In 2012, Zumba became the largest fitness brand in the world. But that wasn't always the case.
About a decade ago, Alberto Perlman came up with the idea for Zumba during a typical visit to his mom's house for dinner. She told him about a dance class she was taking that “didn’t feel like exercise,” but rather a “Saturday night dance party.”
After Perlman and his friend Alberto Aghion checked out the class of 120 students, they knew they wanted to share the concept with more people—and to do so, they would have to make VHS tapes and sell them on infomercials.
“We thought that maybe we’d start a company that does infomercials and Zumba could be our first project,” Perlman says. “We never thought it was going to become what it did.”
Shortly after the tapes were sold, the founders began to receive calls from people all over the country saying they wanted to be involved in Zumba.

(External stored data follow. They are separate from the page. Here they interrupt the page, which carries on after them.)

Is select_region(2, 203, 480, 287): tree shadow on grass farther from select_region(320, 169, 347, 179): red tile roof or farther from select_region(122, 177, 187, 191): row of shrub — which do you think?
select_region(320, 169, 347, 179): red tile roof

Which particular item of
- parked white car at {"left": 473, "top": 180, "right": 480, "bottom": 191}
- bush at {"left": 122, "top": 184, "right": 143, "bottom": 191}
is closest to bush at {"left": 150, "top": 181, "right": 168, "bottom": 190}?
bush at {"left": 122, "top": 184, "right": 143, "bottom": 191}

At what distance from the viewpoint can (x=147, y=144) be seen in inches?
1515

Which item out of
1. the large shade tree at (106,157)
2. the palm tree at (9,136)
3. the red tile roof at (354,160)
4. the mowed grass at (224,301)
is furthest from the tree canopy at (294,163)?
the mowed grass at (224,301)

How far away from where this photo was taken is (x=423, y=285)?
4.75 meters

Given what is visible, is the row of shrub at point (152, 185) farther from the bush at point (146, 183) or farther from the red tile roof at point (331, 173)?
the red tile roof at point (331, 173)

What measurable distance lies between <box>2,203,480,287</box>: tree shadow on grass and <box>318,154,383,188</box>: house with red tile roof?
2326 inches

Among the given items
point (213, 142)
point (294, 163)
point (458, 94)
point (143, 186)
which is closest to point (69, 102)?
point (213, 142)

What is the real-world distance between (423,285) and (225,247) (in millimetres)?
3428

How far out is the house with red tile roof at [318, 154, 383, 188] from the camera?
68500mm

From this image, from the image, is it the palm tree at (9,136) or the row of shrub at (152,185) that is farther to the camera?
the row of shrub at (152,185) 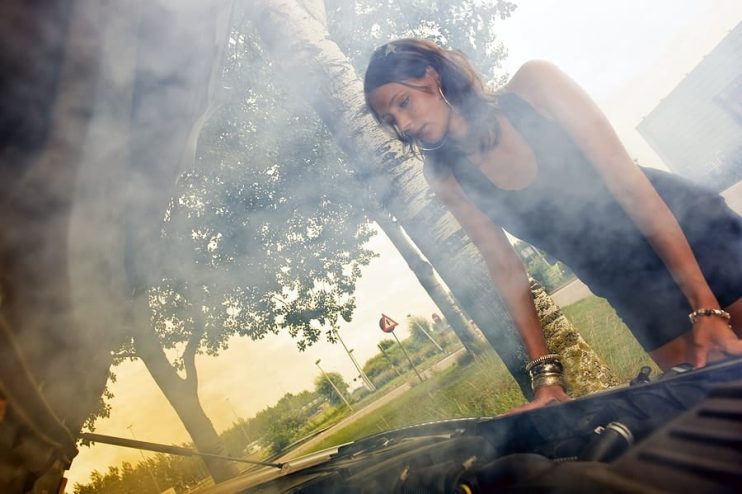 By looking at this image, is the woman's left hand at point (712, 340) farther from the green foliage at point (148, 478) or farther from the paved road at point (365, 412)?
the green foliage at point (148, 478)

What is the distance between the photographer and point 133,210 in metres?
0.87

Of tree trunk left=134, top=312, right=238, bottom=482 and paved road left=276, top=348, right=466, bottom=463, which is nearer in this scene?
tree trunk left=134, top=312, right=238, bottom=482

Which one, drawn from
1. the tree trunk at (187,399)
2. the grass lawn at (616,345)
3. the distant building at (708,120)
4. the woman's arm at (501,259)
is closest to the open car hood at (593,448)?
the woman's arm at (501,259)

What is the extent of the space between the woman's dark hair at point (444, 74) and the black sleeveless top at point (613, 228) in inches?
4.8

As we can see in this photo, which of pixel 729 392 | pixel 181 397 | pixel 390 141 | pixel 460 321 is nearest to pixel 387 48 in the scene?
pixel 390 141

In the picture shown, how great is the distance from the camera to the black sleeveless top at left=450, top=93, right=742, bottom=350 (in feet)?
4.74

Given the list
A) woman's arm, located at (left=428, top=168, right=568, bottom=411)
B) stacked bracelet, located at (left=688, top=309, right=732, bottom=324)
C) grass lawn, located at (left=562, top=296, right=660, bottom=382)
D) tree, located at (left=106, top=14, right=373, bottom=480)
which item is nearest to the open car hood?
stacked bracelet, located at (left=688, top=309, right=732, bottom=324)

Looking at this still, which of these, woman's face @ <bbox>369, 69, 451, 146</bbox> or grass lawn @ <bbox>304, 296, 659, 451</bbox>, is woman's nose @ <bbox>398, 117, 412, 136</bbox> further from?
grass lawn @ <bbox>304, 296, 659, 451</bbox>

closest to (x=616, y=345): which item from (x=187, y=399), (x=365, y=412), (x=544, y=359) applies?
(x=544, y=359)

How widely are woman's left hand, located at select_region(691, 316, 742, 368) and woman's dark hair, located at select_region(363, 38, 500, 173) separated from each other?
99 cm

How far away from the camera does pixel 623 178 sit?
134 cm

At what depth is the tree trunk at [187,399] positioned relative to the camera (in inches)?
386

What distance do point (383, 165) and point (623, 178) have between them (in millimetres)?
1391

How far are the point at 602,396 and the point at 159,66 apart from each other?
1.27 m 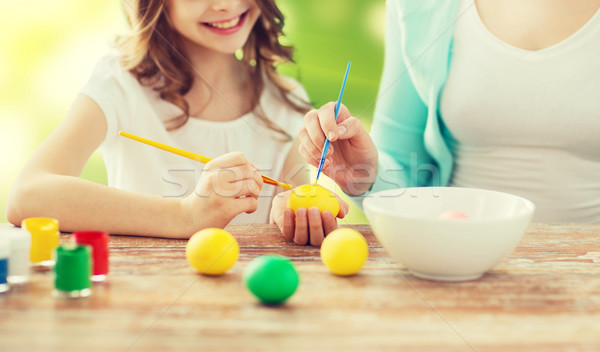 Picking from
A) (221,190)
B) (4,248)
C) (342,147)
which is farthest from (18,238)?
(342,147)

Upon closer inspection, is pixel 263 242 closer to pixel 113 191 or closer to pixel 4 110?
pixel 113 191

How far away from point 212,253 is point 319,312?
0.17m

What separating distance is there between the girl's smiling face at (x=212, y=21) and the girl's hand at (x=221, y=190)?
21.6 inches

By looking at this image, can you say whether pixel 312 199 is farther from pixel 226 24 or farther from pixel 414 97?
pixel 226 24

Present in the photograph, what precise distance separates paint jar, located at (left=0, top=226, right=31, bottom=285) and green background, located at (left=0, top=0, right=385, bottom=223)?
166 cm

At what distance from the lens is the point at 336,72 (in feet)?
7.50

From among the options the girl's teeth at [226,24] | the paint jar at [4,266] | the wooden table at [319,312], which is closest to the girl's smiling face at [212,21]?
the girl's teeth at [226,24]

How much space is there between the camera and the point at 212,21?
4.36 feet

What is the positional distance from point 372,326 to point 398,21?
0.97 metres

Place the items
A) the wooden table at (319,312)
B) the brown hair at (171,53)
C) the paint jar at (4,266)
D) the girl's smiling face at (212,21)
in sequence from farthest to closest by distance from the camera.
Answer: the brown hair at (171,53) → the girl's smiling face at (212,21) → the paint jar at (4,266) → the wooden table at (319,312)

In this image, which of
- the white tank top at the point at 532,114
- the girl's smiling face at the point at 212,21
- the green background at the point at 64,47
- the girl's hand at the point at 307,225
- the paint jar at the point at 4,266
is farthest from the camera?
the green background at the point at 64,47

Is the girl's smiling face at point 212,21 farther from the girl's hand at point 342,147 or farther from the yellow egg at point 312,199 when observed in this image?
the yellow egg at point 312,199

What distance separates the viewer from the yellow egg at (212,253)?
2.11ft

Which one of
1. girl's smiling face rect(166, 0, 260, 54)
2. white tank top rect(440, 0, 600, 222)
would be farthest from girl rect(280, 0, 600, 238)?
girl's smiling face rect(166, 0, 260, 54) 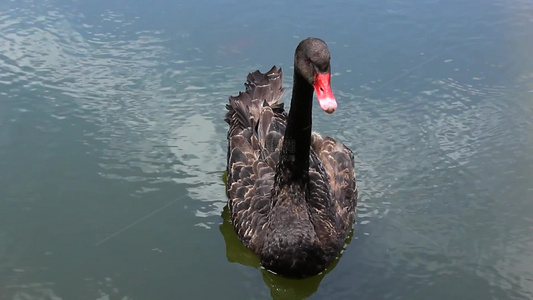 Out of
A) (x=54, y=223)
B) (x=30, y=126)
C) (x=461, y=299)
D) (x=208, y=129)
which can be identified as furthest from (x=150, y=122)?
(x=461, y=299)

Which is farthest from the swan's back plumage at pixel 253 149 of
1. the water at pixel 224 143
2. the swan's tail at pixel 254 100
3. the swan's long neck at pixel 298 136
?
the swan's long neck at pixel 298 136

So Perlman and Aghion created a Zumba instructor network that would allow people to have careers teaching Zumba classes.
Since then, the Zumba following has grown to 14 million participants in more than 150 countries and Perlman tells us he wants the business to grow to 25 million students within the next few years.
“We believe it's doing a lot of good in the world,” he says.
Here are four lessons Perlman learned since those early days:
1. Don't give up. There are lots of good ideas, but Perlman says you need to keep trying until you find something that can scale. Before launching Zumba, Perlman was involved in 19 other businesses.
2. Find a product that's unique. "Most people taking Zumba are not taking it for the fitness benefits,” Perlman says. “They’re taking it for happiness. They feel joy when they’re doing it, and fitness is just a result of this.”
Perlman says Zumba has become such a big hit because it’s different from yoga. “Everyone is wearing black yoga pants and then you see the Zumba people wearing the colorful cool cargo pants,” he says. “It makes a statement that says, ‘I don’t have to hide like everyone else. I can show a little bit of brightness.”
3. Try different business models for your product. In the beginning, Perlman went to large gyms to convince them that they needed to teach Zumba classes, but he says most of these gyms turned down his proposal.
“They wouldn’t hire our instructors for many years,” he says.
So Perlman decided to go to dance studios and smaller, independent gyms, where Zumba was a hit. “Three years later, the big gym chains that had told us ‘no’ so many times came to us,” he says.
4. If you know your product is good and consumers like your product, it doesn’t matter what anyone else says. “Don’t listen to corporate or the big business people,” Perlman advises. “Listen to the consumers.”